On Thursday evening, Broady said he considered the case closed and shared three videos of the moments leading up to Truitt’s death, including a video captured by Karneol’s body camera.
A photo in this video showed Truitt holding a handgun, but at no point in the video did he appear to point the gun at the officer.
Grand jury members received video from each officer’s body camera and dash cam from each police car, video captured by the warehouse where Truitt was shot, “all witness statements” and the testimony of the Georgia Bureau of Investigation agent who worked on the case, said Jason Saliba, of the prosecutor’s office.
“They were shown a slowed down version of the body camera along with the still image you saw and some other still images that are part of the GBI file,” he added.
Those videos will likely be released to the public early next week, DA spokesperson Kim Isaza said.
Speaking moments after Broady’s press conference, Truitt family attorney Jackie Patterson suggested Broady lied about how he presented the case to the grand jury.
A copy of the grand jury decision indicated that the case had not been presented as a criminal case, Patterson said. Obtaining an indictment is easier in a criminal case, he added.
“We have been deceived. Deceived, deceived,” he said.
Broady said the case was, in fact, presented as a criminal case.
“No charges were presented to the grand jury,” he said. “Basically what was presented to the grand jury were the facts, and the grand jury had to decide whether we should really charge the officer with anything?… Basically it was presented as a criminal case.”
In a separate press conference an hour later, Cobb Police Chief Tim Cox said Karneol was put on administrative leave after Truitt’s death, but was back full time .
“I recognize the loss of life is tragic,” Cox said. “I can’t imagine the pain the Truitt family endured during this time. I pray for this family every day.
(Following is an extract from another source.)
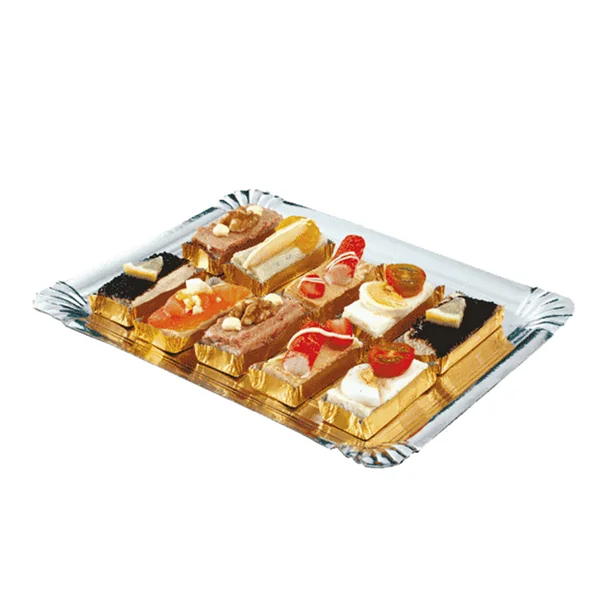 PLATEAUX TRAITEUR DEUX FACES 1100 G/M2 32x42 CM ARGENT/OR CARTON (100 UNITÉ) - Garcia de Pou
I also recognize the stress that any officer undergoes when having to use force or the situation they have to face. use force, and I have also prayed for this officer and his family every day.The two families will grapple with the emotions and feelings associated with this event for many years to come.
Broady said the officer acted in accordance with state law.
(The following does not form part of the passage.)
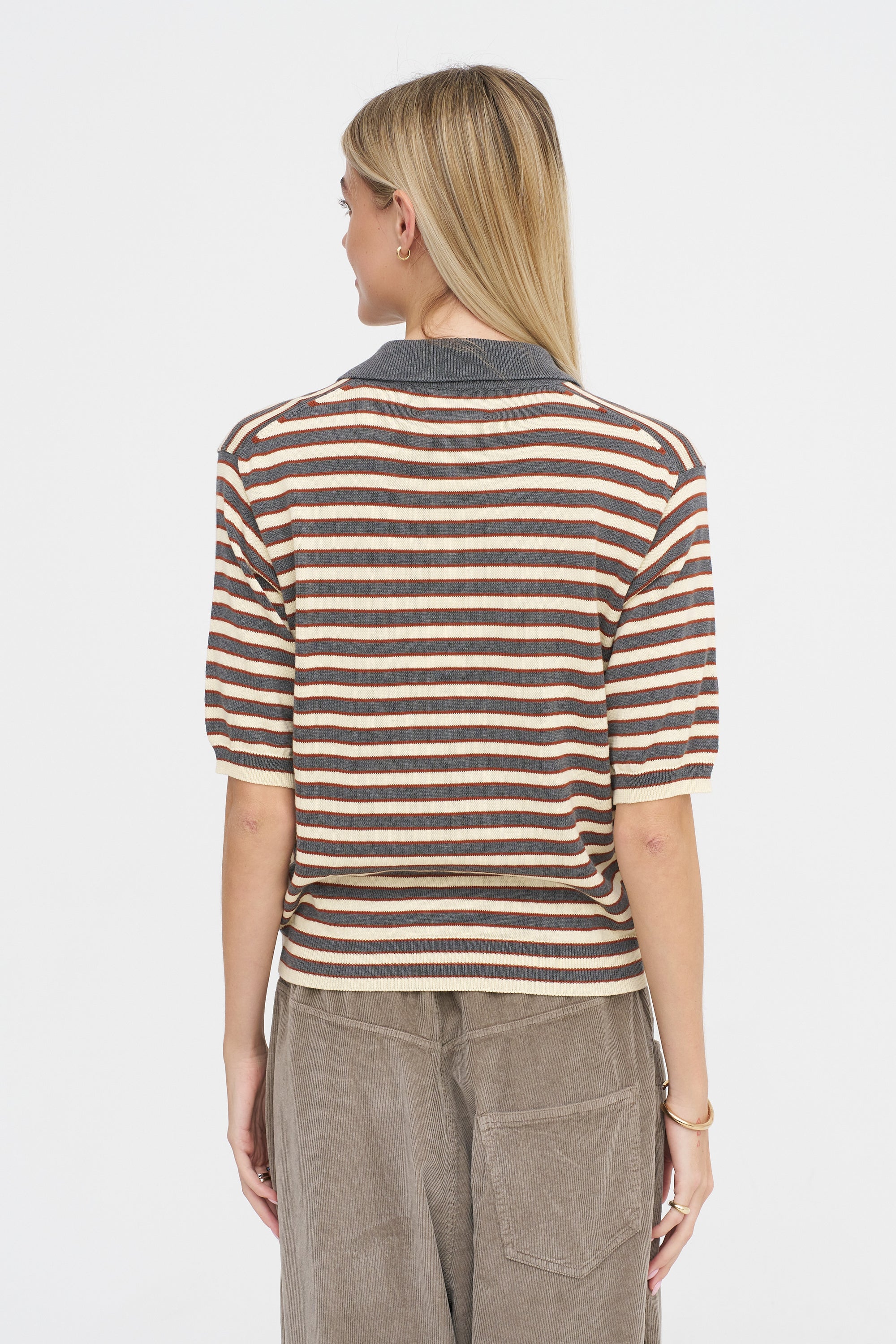 Organic Cotton Striped Polo, Grey &amp; Beige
“Each of our police departments has a SOP (standard operating procedure) for their use of force,” he said. “And, right after the (state law), it says that if an officer pursues a criminal who has a weapon, who may present a danger to others, he has the ability to shoot, to use force. And in this case, the officer followed his SOP to the letter and also followed the law.
“That’s what I told the police: that in any… shootings involving a police officer, that I will present him to the grand jury and let the grand jury make a decision based on the citizens of our community looking at what is going. better for their community, “he continued.” I myself will not make a decision that requires me to show my biases or my emotions for what I saw in a live video. Because as an African American you hate to see an African American shot dead. But the fact is that we must follow the law. And the law says the officer was within his rights.
Truitt family attorney Gerald Griggs disagreed.
“This is not the end of it,” he said. “You don’t shoot someone in the back twice.”